[ovs-dev] [ovs-discuss] gso packet is failing with af_packet socket with packet_vnet_hdr

Ramana Reddy gtvrreddy at gmail.com
Tue Nov 5 20:29:41 UTC 2019


Hi Flavio,
As per your inputs, I modified the gso_size, and now
skb_gso_validate_mtu(skb, mtu) is returning true, and
ip_finish_output2(sk, skb)  and dst_neigh_output(dst, neigh, skb); are
getting called. But still, I am seeing the large packets getting dropped
somewhere in the kernel
down the line and retransmission happening.

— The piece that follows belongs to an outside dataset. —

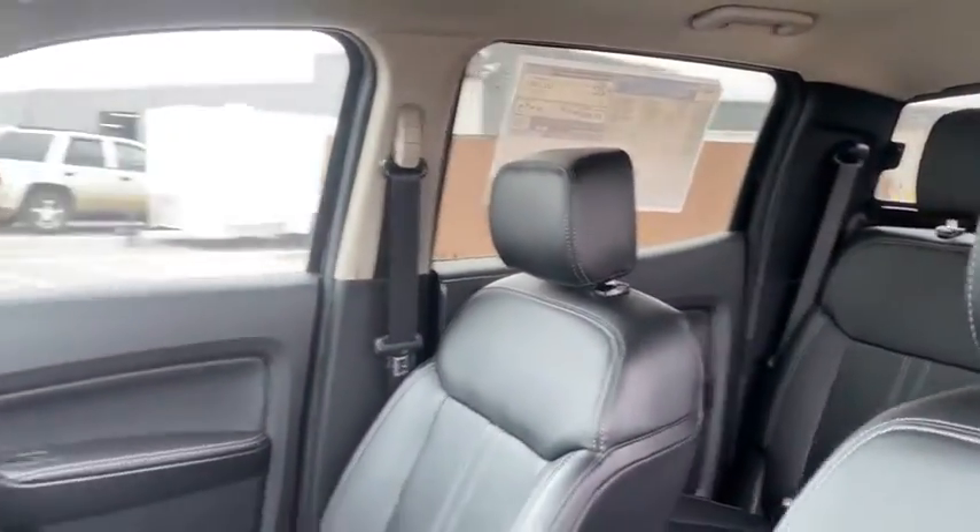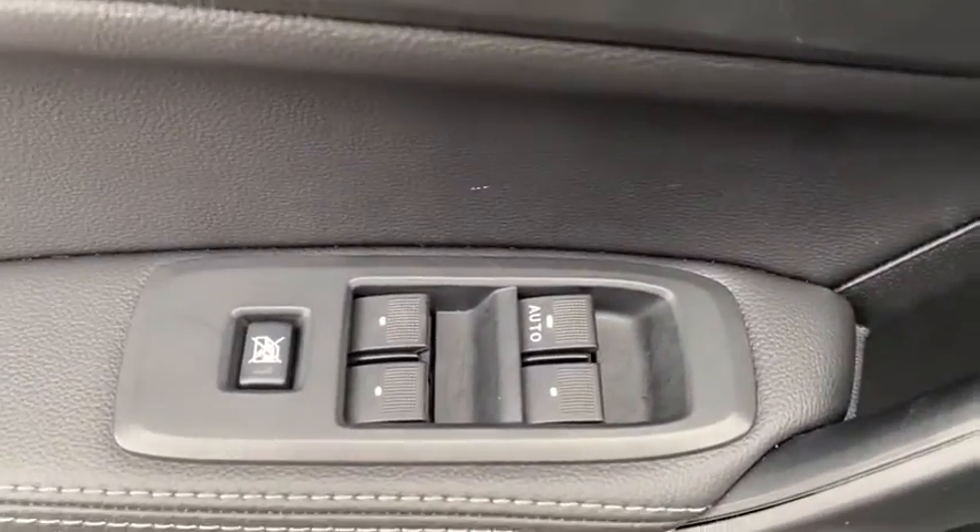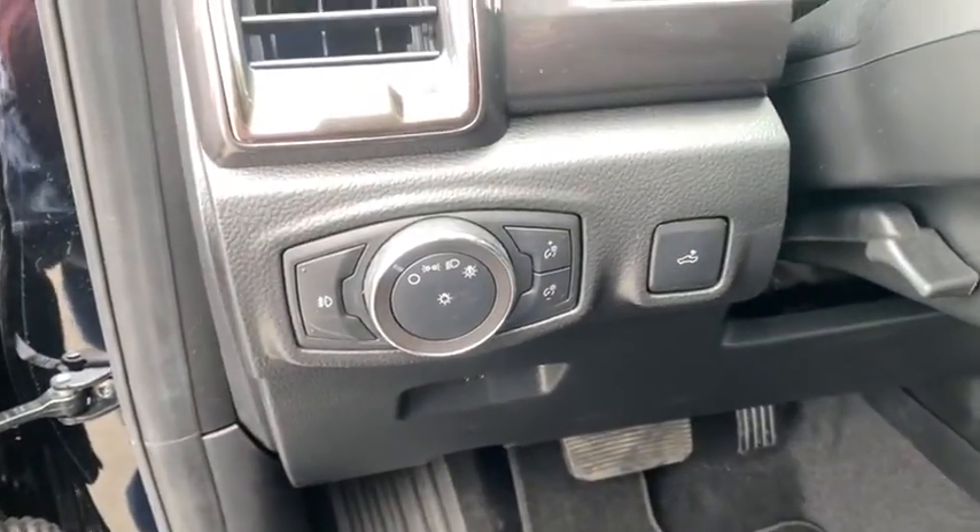AM-FM stereo radio, rear window defroster, electronic stability control, security system, fog lights, power windows, heated front seats, trip computer, compass.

if (skb_gso_validate_mtu(skb, mtu))
             return ip_finish_output2(sk, skb);

[ 1854.905733] vxlan_xmit:2262 skb->len:2776 packet_length:2762
[ 1854.905744] skb_gso_size_check:4478 and seg_len:1500 and max_len:1500
and shinfo->gso_size:1398 and GSO_BY_FRAGS:65535

The gso_size 1398 bytes is correct in my case ( 1398 + 50 (vxlan header) +
20(IP) + TCP(32) + 14(ETH) = 1514 bytes)
The code is simple:
      vnet = buf;  // buf is an array of 64k bytes
      len = 0;
        if (csum) {
                        vnet->flags = (VIRTIO_NET_HDR_F_NEEDS_CSUM);


                         vnet->csum_start = (ETH_HLEN + sizeof(*iph));
                        vnet->csum_offset = (__builtin_offsetof(struct
tcphdr, check));
                       }



                   if (gso) {
                        vnet->hdr_len = (ETH_HLEN + sizeof(*iph) +
sizeof(*tcph));
                        vnet->gso_type = VIRTIO_NET_HDR_GSO_TCPV4;


                        vnet->gso_size = ( ETH_DATA_LEN  - 50 -
sizeof(struct iphdr) -
                                                        sizeof(struct
tcphdr));  // 50 is the vxlan header
                } else {
                        vnet->gso_type = VIRTIO_NET_HDR_GSO_NONE;
                         vnet->gso_size =  0;
                }
             len =sizeof(*vnet);


             // Now copying the entire L2  packet into the buf starting at
an offset buf + len and sending the packet.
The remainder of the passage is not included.